Network interpretability remains a required feature for machine learning systems in many domains. A great deal of recent work has been done to try to shed light on deep learning models, producing methods that create local explanations[ribeiro2016should], following gradients [selvaraju2016grad], investigating input perturbations [fong2017interpretable], and even generate textual explanations [hendricks2016generating]. Many of these techniques involve creating an input mask, assigning weights to individual inputs such that a weighted visualization of the input can be created.
In this work, we explore an alternate method for generating such an explanatory mask. Our goal is to generate an explanatory input mask with two properties: 1) the explanation should be as minimal as possible, 2) the explanation should highlight the portions of the input most necessary to ensure predictive accuracy. To keep the explanation mask as small as possible we make use of a variety of regularization techniques. To keep predictive accuracy we force the mask to generate accurate outputs when passed through the original network.
2 Explanation Masks
Given a pre-trained network, the goal of the explanation mask is to identify which inputs are most necessary for creating accurate decisions. To do this, we make use of a secondary, explanation network, which learns to generate explanation masks in an end-to-end fashion. By training the network, we are able to ensure that the generated mask does indeed carry predictive accuracy. Further, by implementing regularization over the mask, we ensure that the mask is as minimal as possible while still being accurate. This trade-off between accuracy and the size of the mask is one which can be explored on a per-case basis by changing the amount of regularization imposed.
The structure of the explanation network can be of any form fit to the problem task which leaves the method quite flexible. A schematic of the overall system is given in Figure 1. First, the pre-trained network is split into a feature extraction and classification component. This can be done arbitrarily, but can often be done after a feature bottleneck in the original network. The output of this feature extraction step is then fed into the explanation network. Given the features describing the input, the explanation network can then generate a mask of the same size as the input. The mask should have weights between 0 and 1 and is multiplied element-wise against the original input.
Once the input has been masked, it can then be fed through the entirety of the original network, both feature extraction and classification components, to produce a final output. To train the explanation network, we freeze the weights of the original network. This ensures that the explanation mask generated is an accurate reflection of what inputs are necessary for the pre-trained network. Training can be accomplished end-to-end through the use of backpropagation over the non-frozen weights.
2.1 Related Work
Over the past few years there have been many attempts to shed light on the inner workings of neural networks.

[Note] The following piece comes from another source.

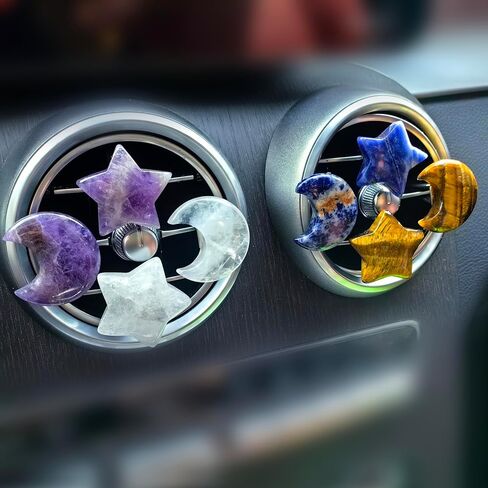 Car Vent Clips Crystal Star Moon Car Outlet Decoration,auto car Accessories, Carving Natural Quartz Parts, 7 Chakra Crystals Gifts (7piece Chakra Crystal Star) in Saudi Arabia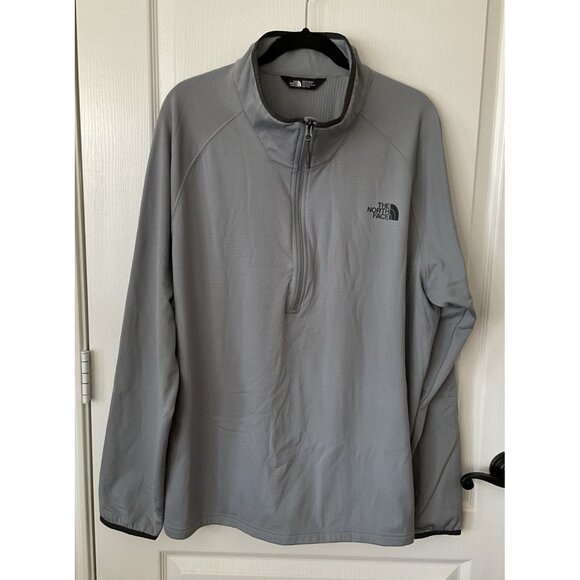 The North Face Sweatshirt Mens XXL 2X Gray Fleece 1/4 Zip Sweater Pullover Logo - Picture 1 of 13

One of the most general approaches has been the introduction of attention mechanisms as initially popularized in machine translation [bahdanau2015neural]. Attention mechanisms operate similarly to our explanation masks in that they result in a mask where every element in the input is weighted between 0 and 1 and combined through a weighted sum or product. Traditional attention is trained as a single network which benefits from the end-to-end nature of deep learning but also requires attention to be added initially. This means that while attention mechanisms are often worth incorporating when creating a model, they cannot be used to explain a pre-trained model’s decisions if the original model did not have an attention mechanism.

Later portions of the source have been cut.